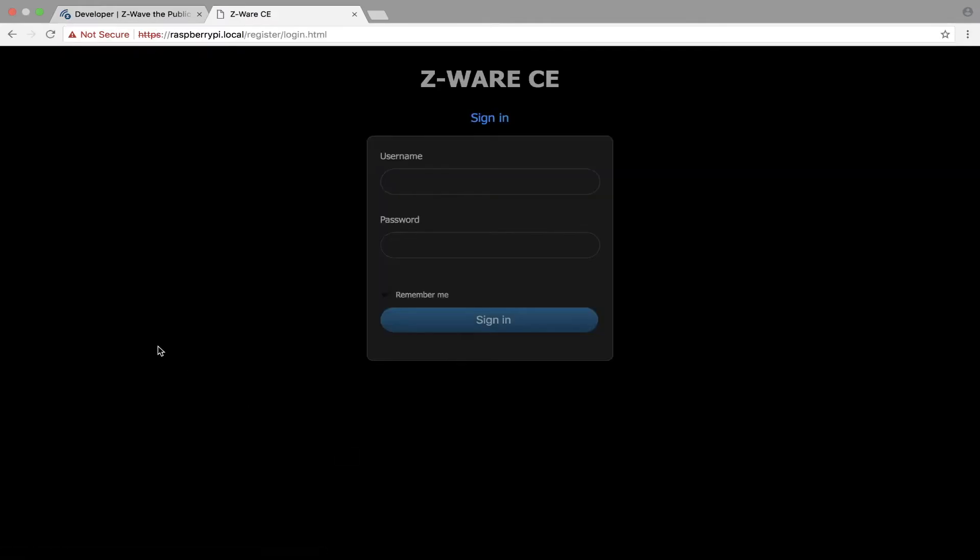If we do that, we have C-Wave running. So now we need to log into C-Ware, and we can do that by typing sigma and sigma designs. Don't ask me why this password is used.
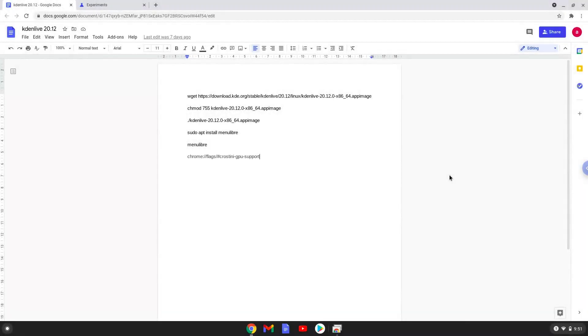Hello. Today we are looking at how to install Kdenlive 20.12 on a Chromebook.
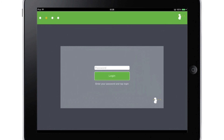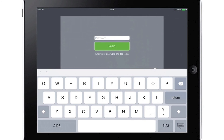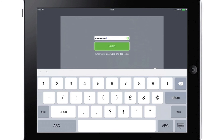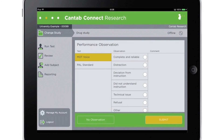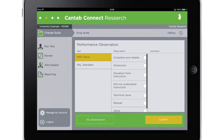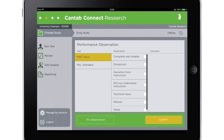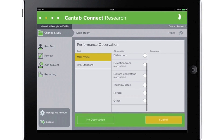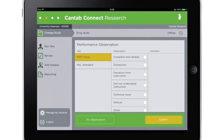Once the data has been collected, researchers can enter their password to access the data. The password protection prevents subjects or unauthorized users from accessing the data. Study results are automatically scored, stored, and ready for analysis immediately after collection.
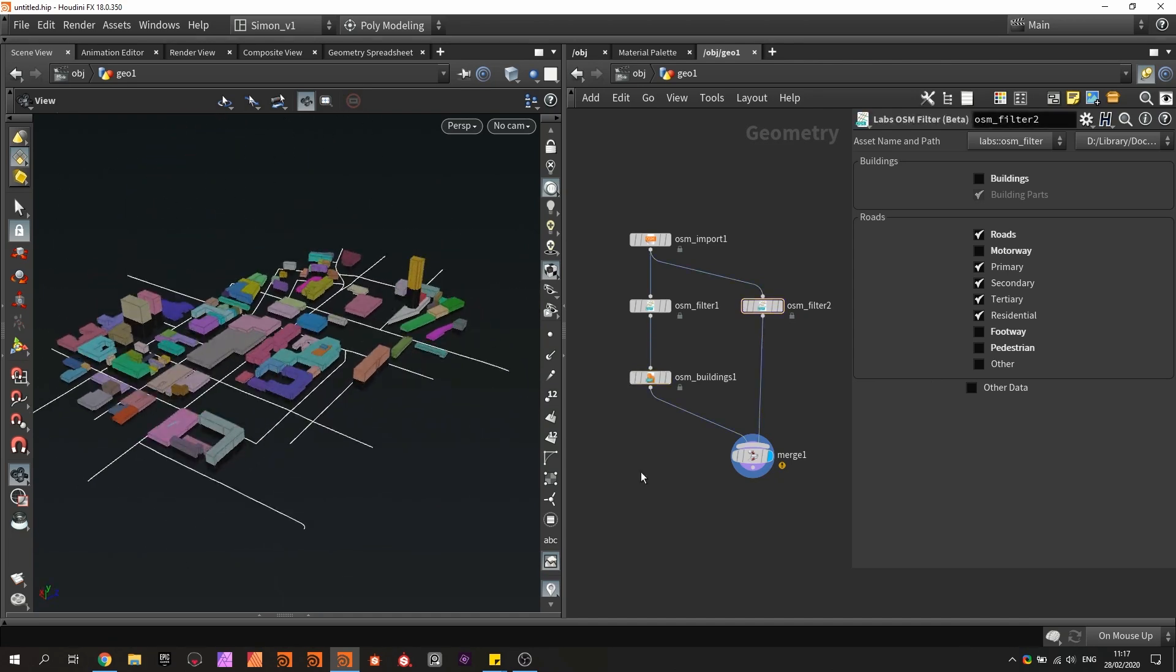That was it for this video. There are also more videos on this, taking this further and creating a real city for games.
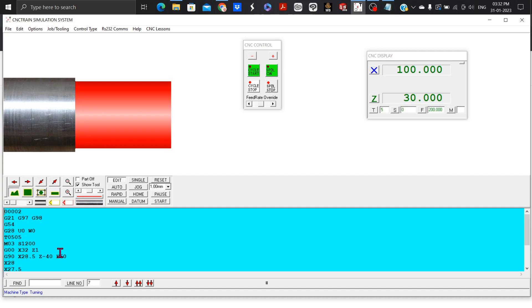G00 X32 Z1 means fast positioning to point A, which becomes the start point for the turning cycle following next.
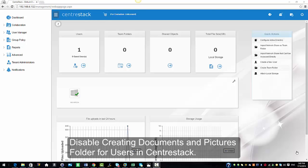Hello everyone and welcome to CenterStack. In today's video I'm going to show you how an admin can disable creating documents and pictures folders when creating a new user.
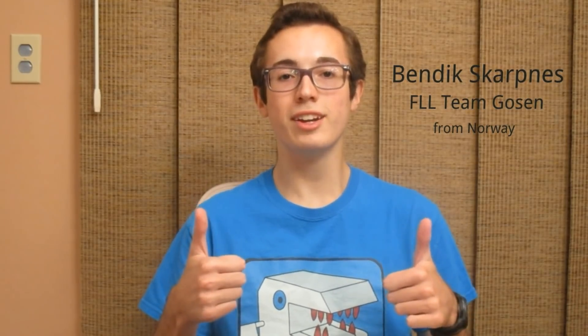The program that I'm showcasing in this week's video was created by a viewer on my channel named Bendik Skarpness. Bendik is from Norway and formerly a part of FLL team Gozen. Bendik saw some of my videos and was inspired to create even cooler versions of my programs. So big thanks to Bendik for providing these programs to me so I can share them with you today.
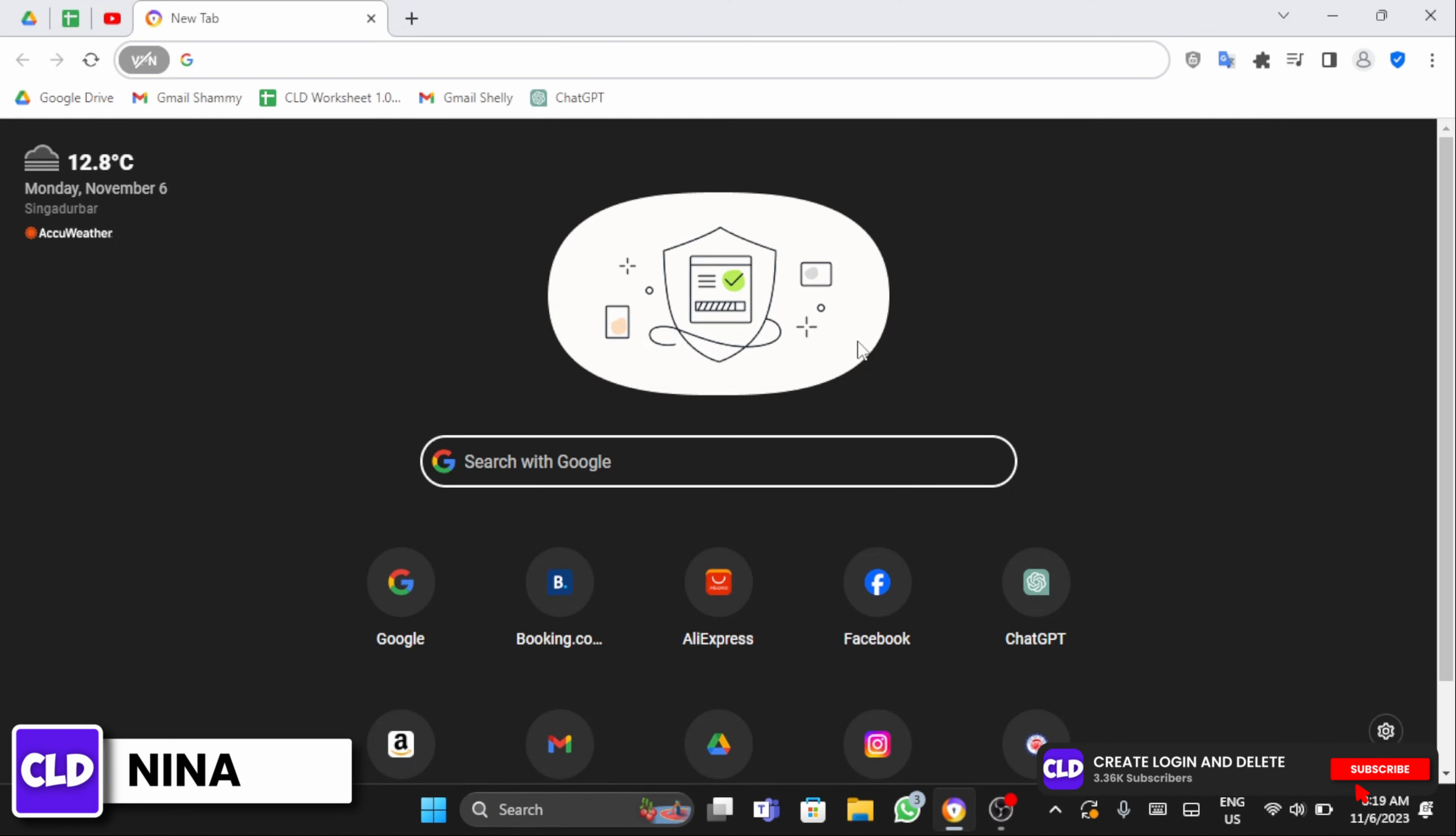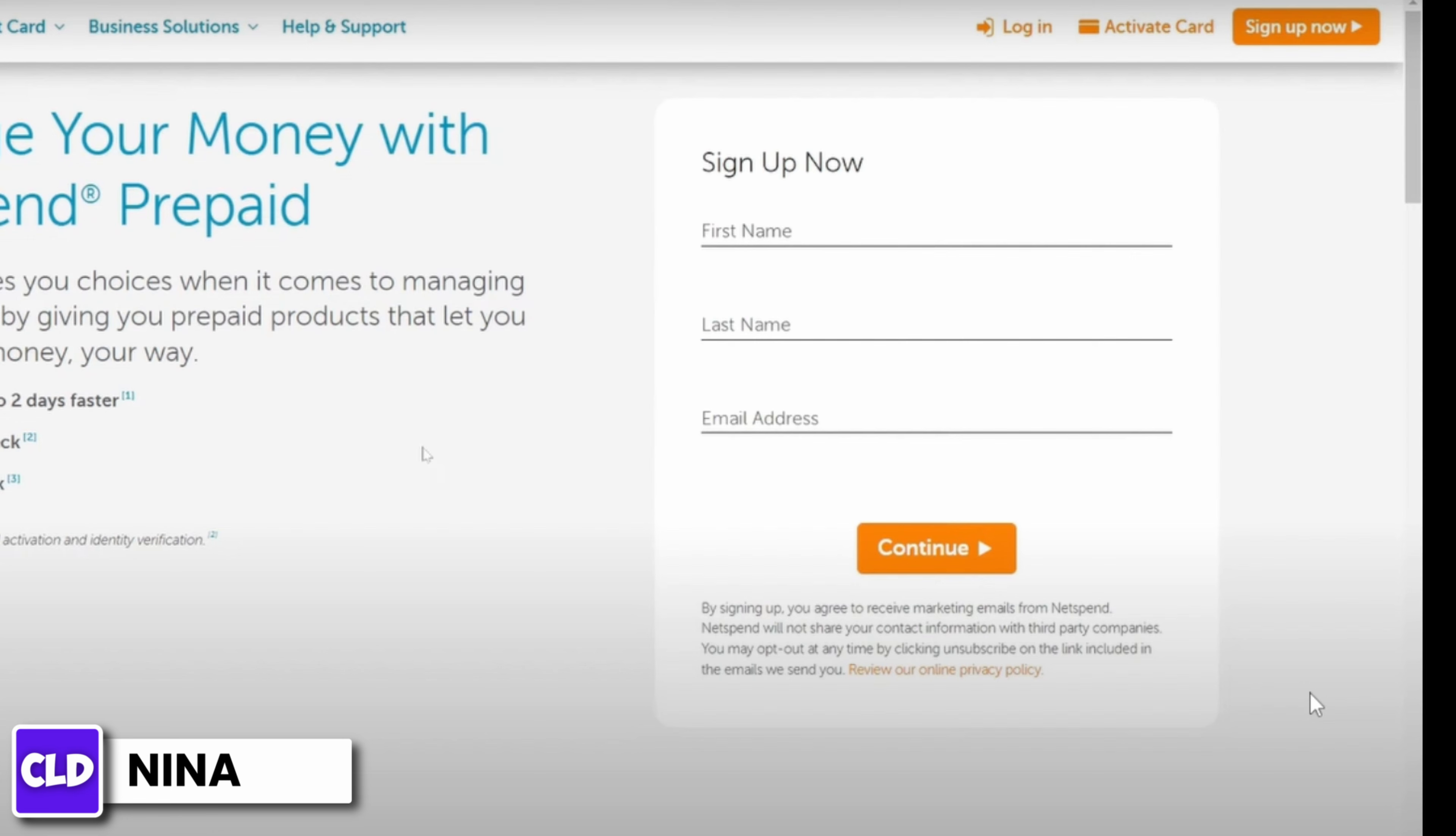At the search bar, type in netspend.com.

**How to complete this task**
What the answer must hold: all the data above, given again exactly, without pictures.

**Written response**
If we do that, we have C-Wave running. So now we need to log into C-Ware, and we can do that by typing sigma and sigma designs. Don't ask me why this password is used.
Hello. Today we are looking at how to install Kdenlive 20.12 on a Chromebook.
Once the data has been collected, researchers can enter their password to access the data. The password protection prevents subjects or unauthorized users from accessing the data. Study results are automatically scored, stored, and ready for analysis immediately after collection.
That was it for this video. There are also more videos on this, taking this further and creating a real city for games.
G00 X32 Z1 means fast positioning to point A, which becomes the start point for the turning cycle following next.
Hello everyone and welcome to CenterStack. In today's video I'm going to show you how an admin can disable creating documents and pictures folders when creating a new user.
The program that I'm showcasing in this week's video was created by a viewer on my channel named Bendik Skarpness. Bendik is from Norway and formerly a part of FLL team Gozen. Bendik saw some of my videos and was inspired to create even cooler versions of my programs. So big thanks to Bendik for providing these programs to me so I can share them with you today.
At the search bar, type in netspend.com.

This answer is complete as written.